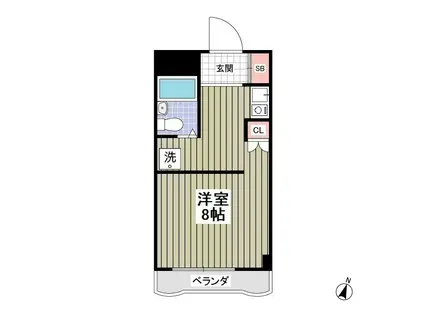 サルーテ熊谷(ワンルーム/3階)の間取り写真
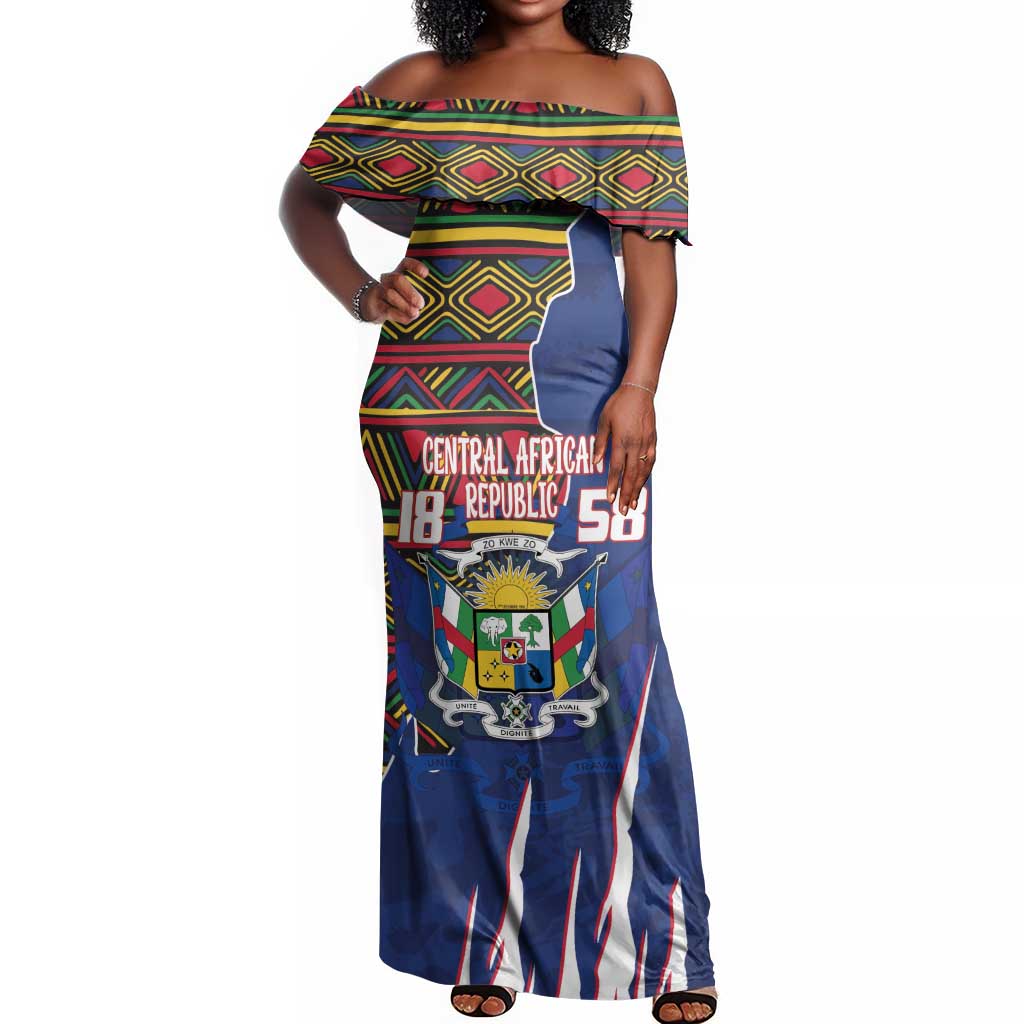 Personalized Central African Republic Coat Of Arms Off Shoulder Maxi Dress Kente Pattern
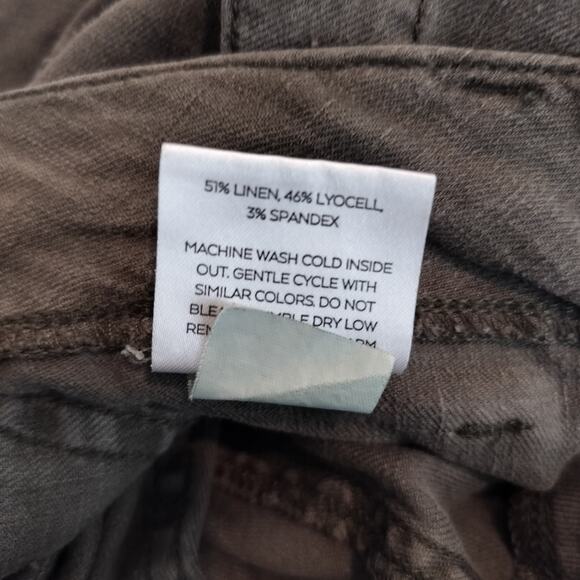 Level 99 Linen Blend Jogger Pants Green Tapered Ankle - Picture 10 of 10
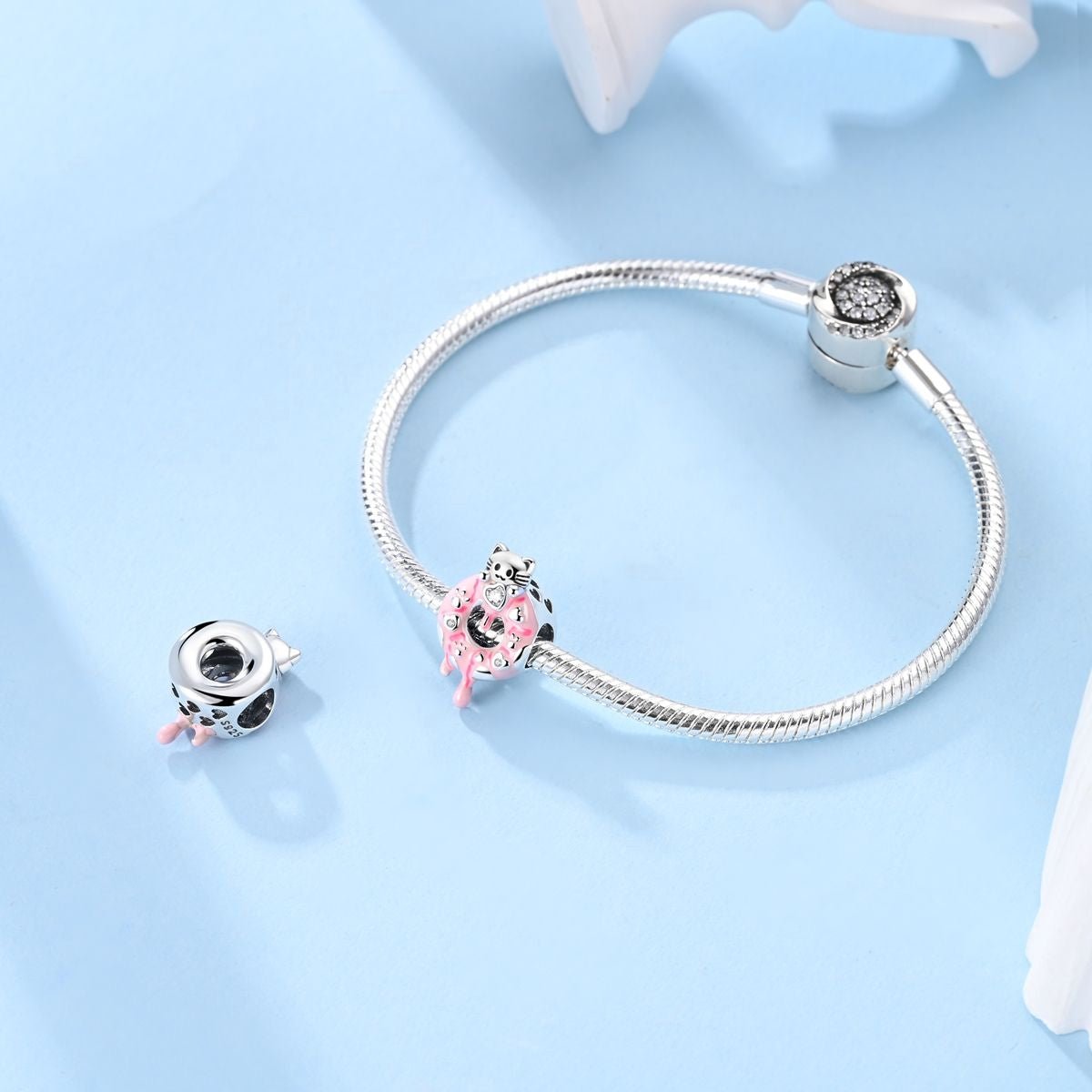 Pangama Jewelry Pink Donut Cat Charm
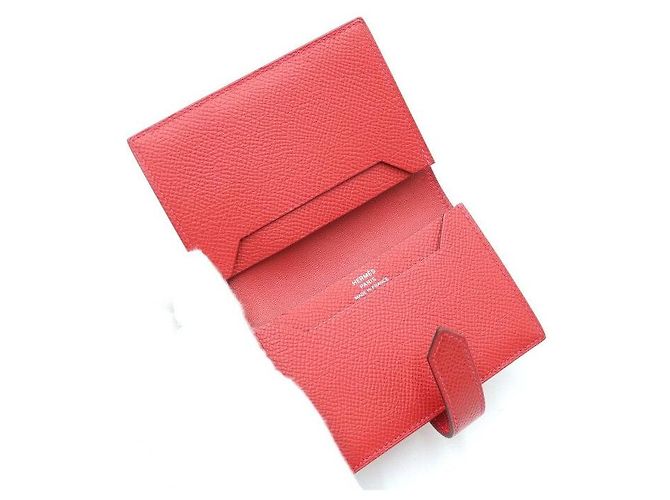 Market Hermès Roter Appsong Kartenetui mit silberner Hardware - Ansicht 5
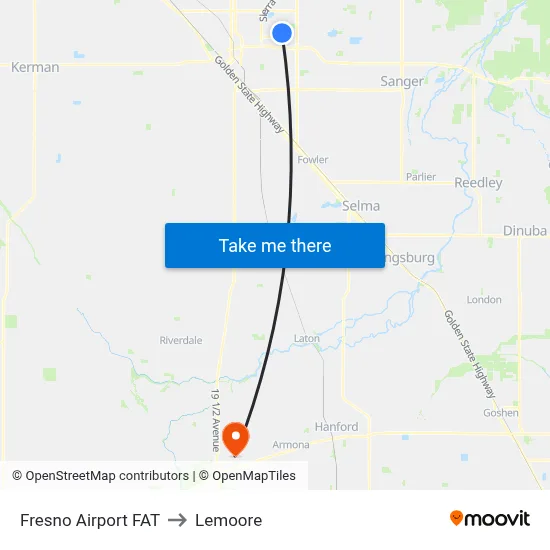 Fresno Airport FAT to Lemoore map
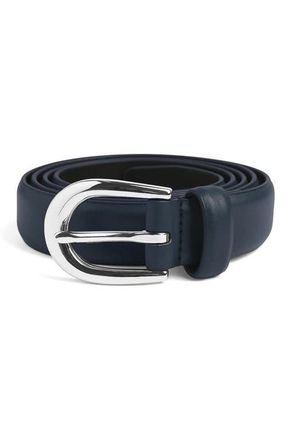 Favorite Daughter The Favorite Leather Belt in Navy /Polished Nickel at Nordstrom, Size Medium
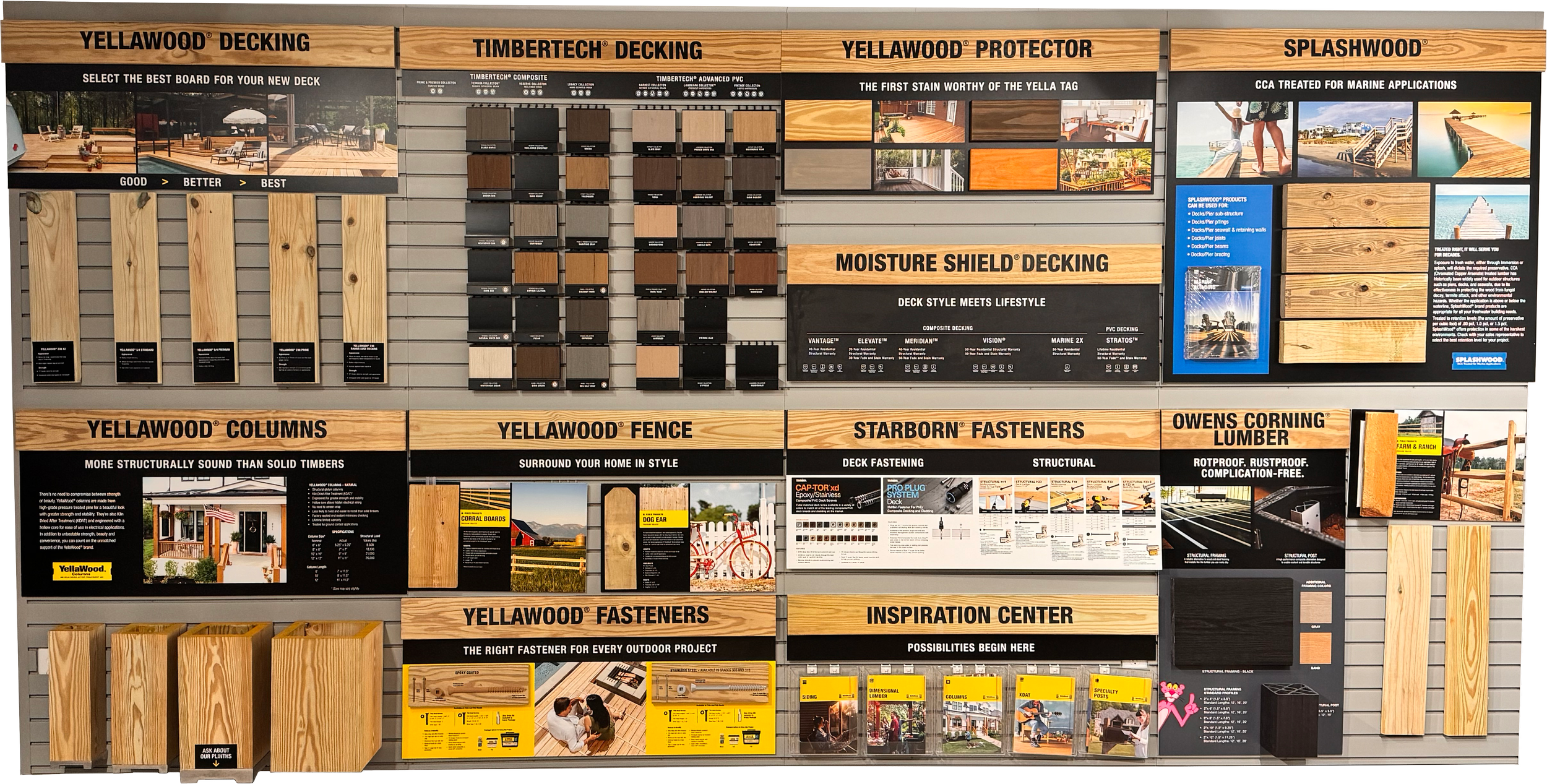 Display board showcasing various types of decking and outdoor construction materials, including Yellowwood decking, Timbertech decking, Yellowwood Protector, Splashwood, Yellowwood columns, yellowwood fence, Starborn fasteners, Owens Corning lumber, and an inspiration center. The board features color samples, product descriptions, and usage suggestions for outdoor construction projects.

:: TRY IT ::
Transcribe the records verbatim, excluding pictures.

:: ANSWER FOR THIS EXERCISE ::
 サルーテ熊谷(ワンルーム/3階)の間取り写真
 Personalized Central African Republic Coat Of Arms Off Shoulder Maxi Dress Kente Pattern
 Level 99 Linen Blend Jogger Pants Green Tapered Ankle - Picture 10 of 10
 Pangama Jewelry Pink Donut Cat Charm
 Market Hermès Roter Appsong Kartenetui mit silberner Hardware - Ansicht 5
 Fresno Airport FAT to Lemoore map
 Favorite Daughter The Favorite Leather Belt in Navy /Polished Nickel at Nordstrom, Size Medium
 Display board showcasing various types of decking and outdoor construction materials, including Yellowwood decking, Timbertech decking, Yellowwood Protector, Splashwood, Yellowwood columns, yellowwood fence, Starborn fasteners, Owens Corning lumber, and an inspiration center. The board features color samples, product descriptions, and usage suggestions for outdoor construction projects.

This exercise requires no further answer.